> Supplied records:

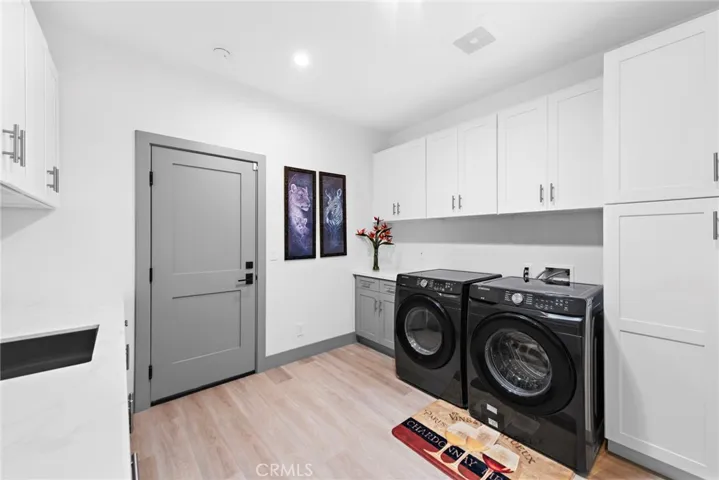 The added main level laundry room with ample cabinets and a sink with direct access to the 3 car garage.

--

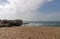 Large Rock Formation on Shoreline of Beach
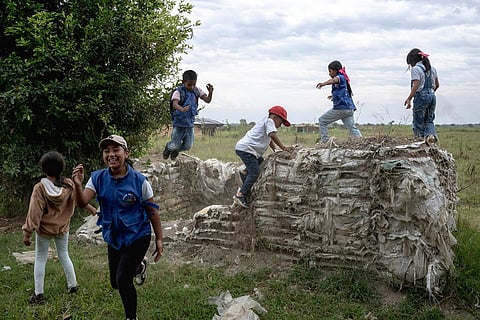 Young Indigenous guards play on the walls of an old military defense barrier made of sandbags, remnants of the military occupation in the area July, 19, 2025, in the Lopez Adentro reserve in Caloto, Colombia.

...

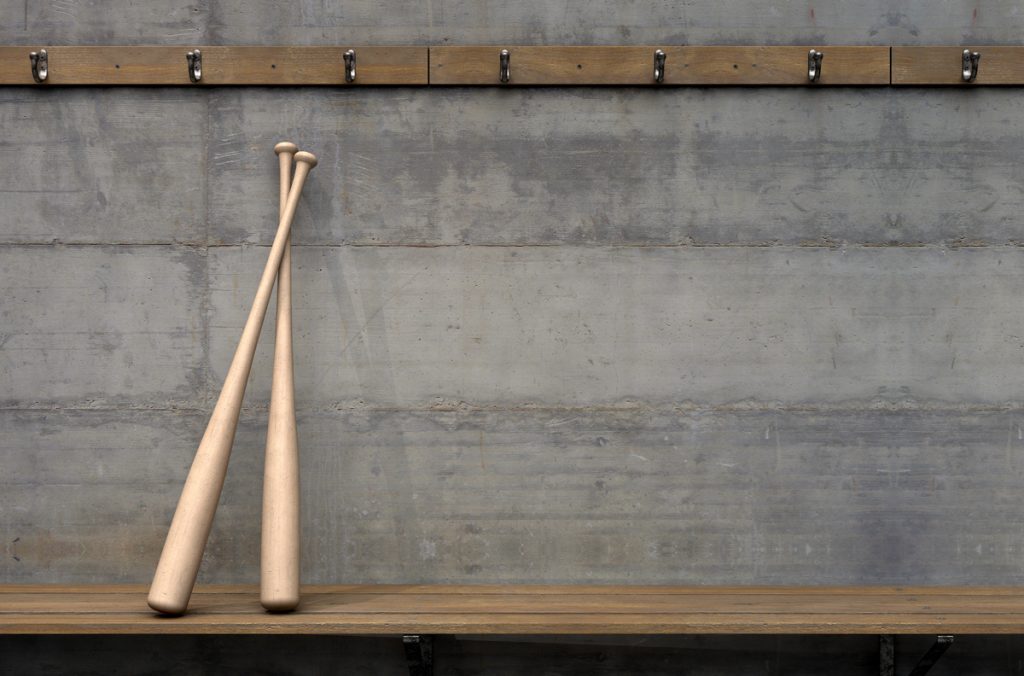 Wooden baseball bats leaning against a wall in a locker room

> Try it: What lines above run from the one with "Large Rock Formation on Shoreline of Beach" to the one with "Young Indigenous guards"? Give them again exactly, ends included, and leave the pictures out.

> Task output:
 Large Rock Formation on Shoreline of Beach
 Young Indigenous guards play on the walls of an old military defense barrier made of sandbags, remnants of the military occupation in the area July, 19, 2025, in the Lopez Adentro reserve in Caloto, Colombia.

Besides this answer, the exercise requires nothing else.